The recent elections were not simply a matter of a single day of going to the polls. The very profound impact of that event will have repercussions, most of them overwhelmingly positive, for years to come. I think we were all taken aback by images of the lines of voters risking their very lives to turn in their ballots. For me, one of the most moving was seeing an elderly woman being taken by her granddaughter to the polls by wheelbarrow. Though a culture of democracy has never truly existed in Iraq, even before the Ba’athists, the desire for such is in fact there, waiting to burst forth. Indeed, a national culture based on democratic ideals and respect for the individual will take time to take deep root, but the hope for this is greater now, in light of these elections, than ever before. This election clearly gave vent to the long suppressed Shi’ite majority, and the aspirations of the Kurds for even greater autonomy (granted, with the desire for independence always there)– though yes, Sunnis overwhelmingly sat out, for several reasons.
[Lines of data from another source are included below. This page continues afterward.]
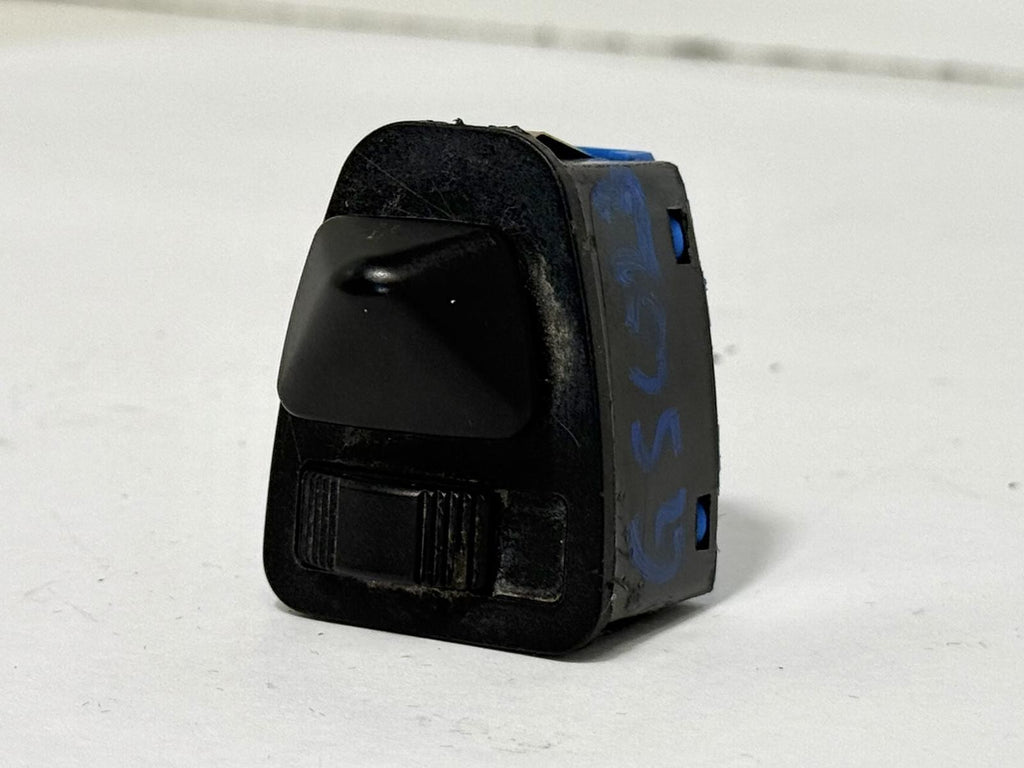 2000-2006 BMW 330i E46 LEFT SIDE DOOR MIRROR ADJUST CONTROL SWITCH OEM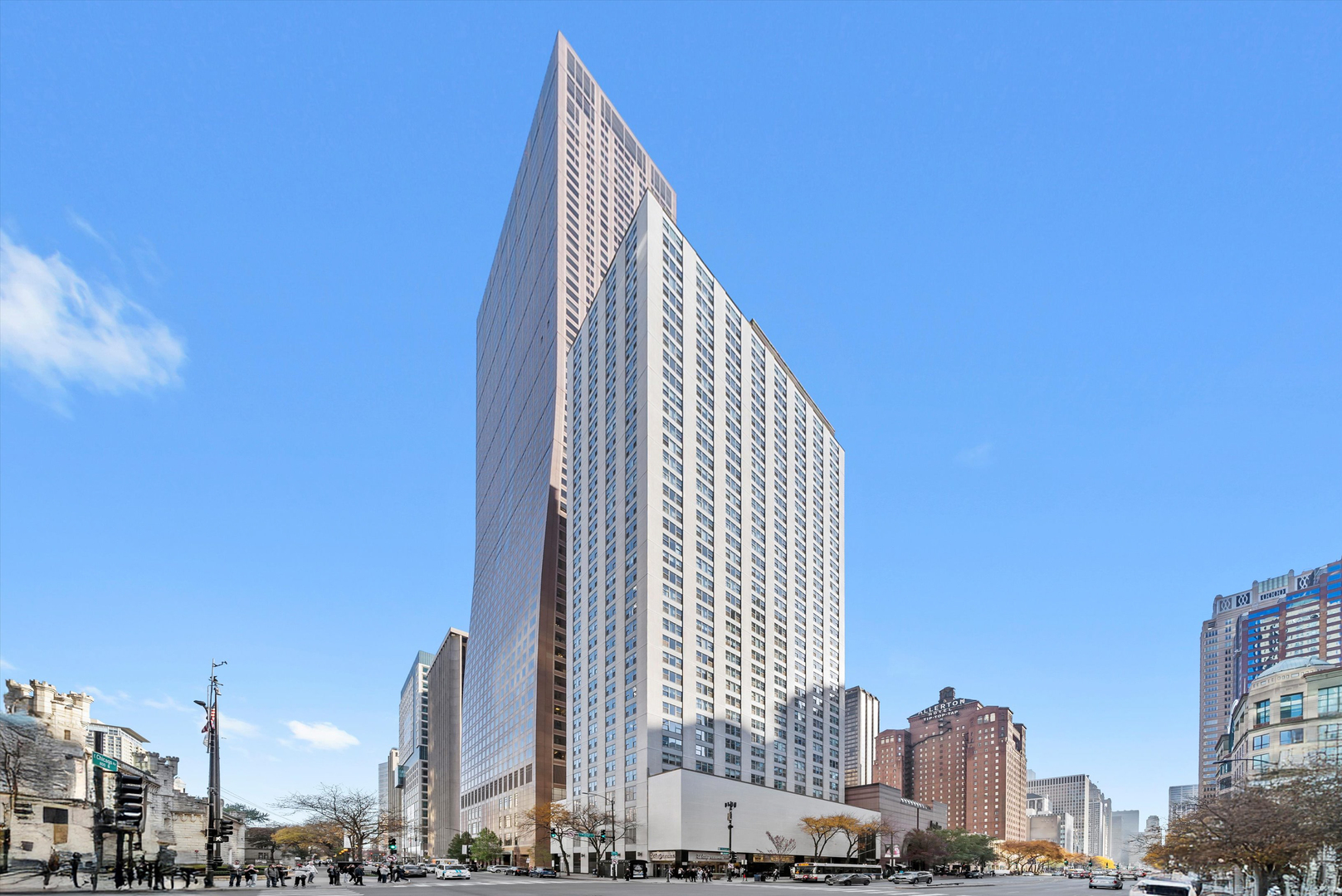 777 N Michigan Avenue Unit: 2202
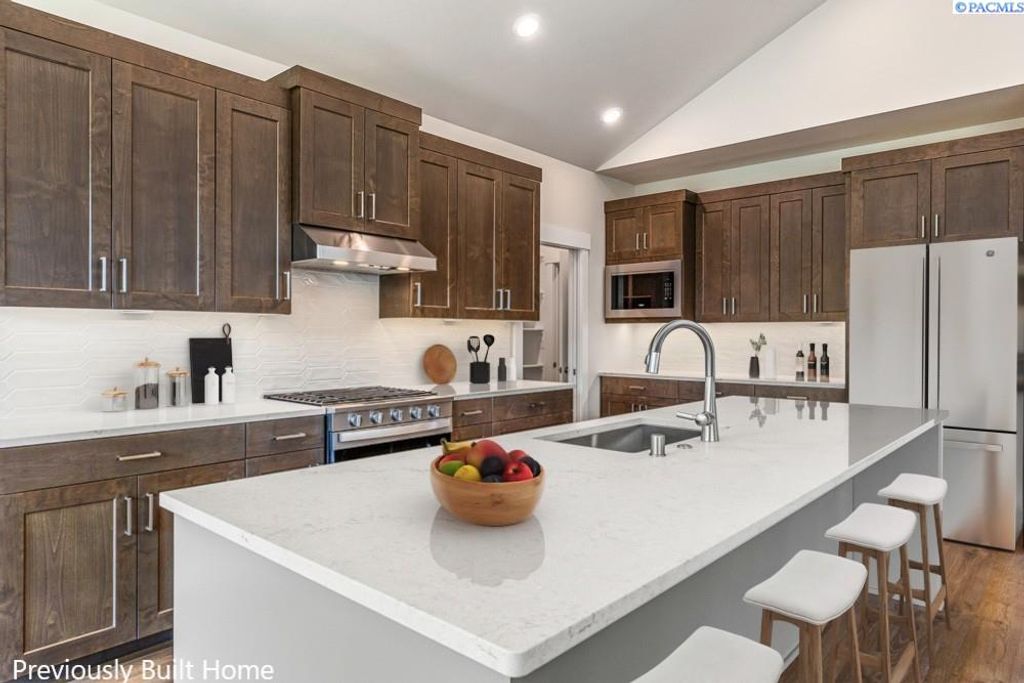 Photo of 5716 Flathead Ave, Pasco, WA 99301 (MLS # 290845)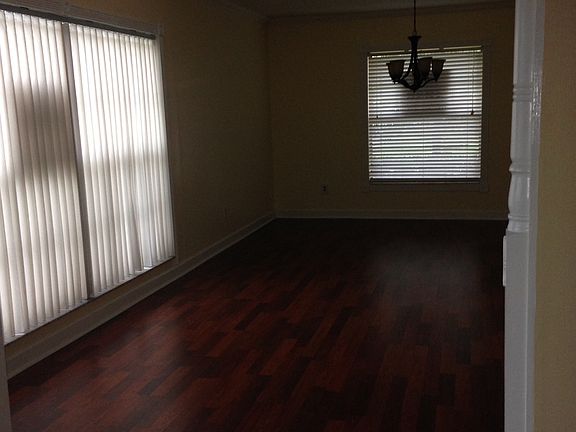 3rd image of 707 Rosalie Way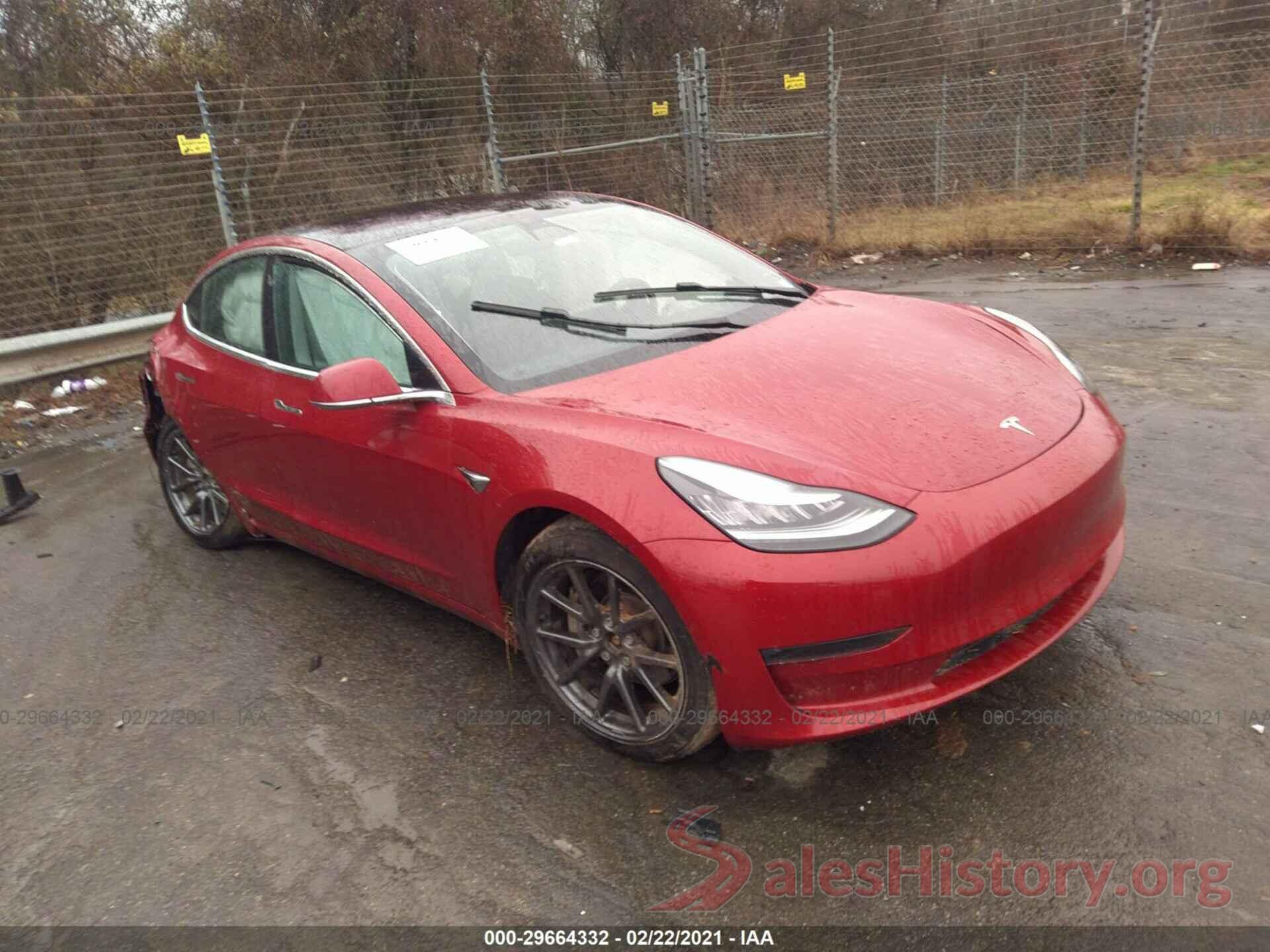 5YJ3E1EB1JF130158 2018 TESLA MODEL 3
But given the recent call by many within the Sunni Arab clerical establishment for their flock to join the political process and the security establishment, the insurgency is being undercut, and one can remain hopeful that Arab Sunnis will one day soon stand on line at voting stations in future local and national elections, joining their Kurdish (who are mostly Sunni as well, one must note) and Shi’ite brethren, even if merely to stake their political claim. As we all know, our own recent election was a bitterly fought won, which revealed the divisions on many issues among Americans. I myself saw the same political debates play out among my own unit. But regardless of how we might feel about the War in Iraq, the reasons behind it, the mistakes made, etc., we must stand united in ensuring the experiment in democracy Iraq does not fail. To use the old cliche: failure is not an option.
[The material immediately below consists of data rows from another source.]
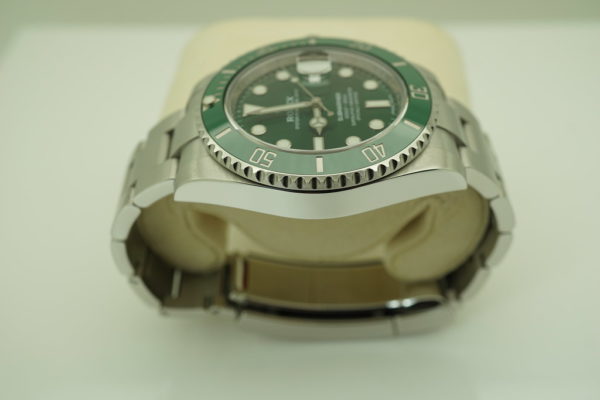 Rolex 116610LV SUBMARINER HULK CERAMIC GREEN DIAL RANDOM 2017 WARRANTY FULL SET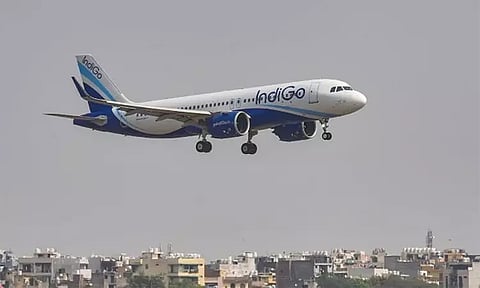 நடுவானில் பறந்துகொண்டிருந்த விமானம் மீது மோதிய பறவைகள்; அவசர அவசரமாக தரையிறக்கம்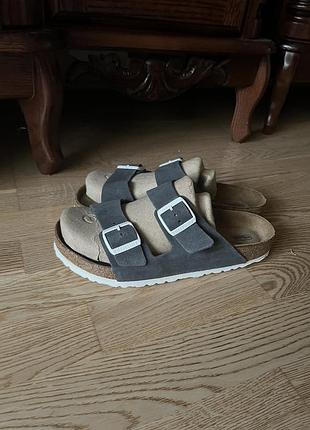 Нові шльопанці birkenstock arizona soft footbed — розмір 41 (265 мм)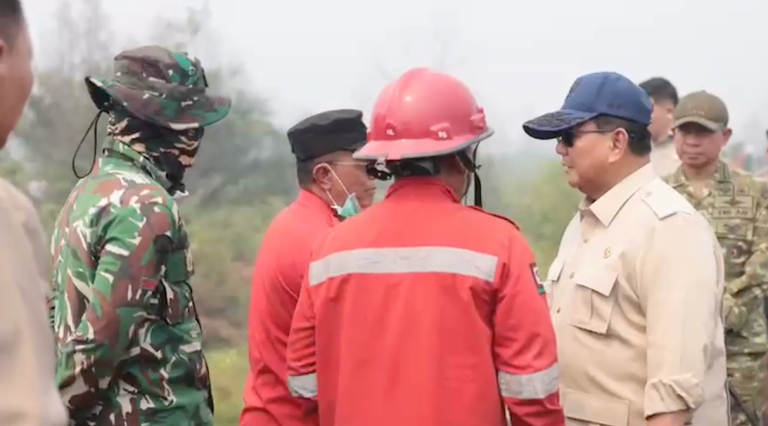 Pemerintah Kerahkan 1.500 Prajurit dan 6 Helikopter ke Kalbar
Additionally, the allusion to the recently named Prime Minister is off on many points. Ibrahim Ja’afari, is neither a Sunni nor has he been associated in any fashion with “killing other Iraqis.” Mr. Ja’afari, brought to power by the parliamentary coalition of Kurds and Shi’a, is a member of Iraq’s Shi’a Islamist Da’awa Party, which fled abroad after it’s failed insurrection against Saddam Husayn’s regime in the 1970s. As part of the Iraqi expatriate opposition he did return with the INC and others to help build a new Iraq. Unlike some, such as his own one-time protégé Iyad ‘Allawi, Ja’afari has revealed himself to be an independent political figure, neither held back by American interests nor those of his own party. Across Iraqi society he is widely regarded as a hero and a patriot, and in light of opinion polls over the past year, he has been cited as Iraq’s post popular politician, trailing only Shi’a leader Ayatollah As-Sistani. In his great efforts to unite all Iraqis across all sectarian and ethnic lines, he is possibly our and Iraq’s best hope for a leader for the country.

As one who was not able to attend this recent seminar, I am not able to fully comment on what was presented. I can only ask Dr. Erfani, my fellow Villanovans and all Americans to put our disagreements and bitterness behind us, and move forward to support the American effort in Iraq.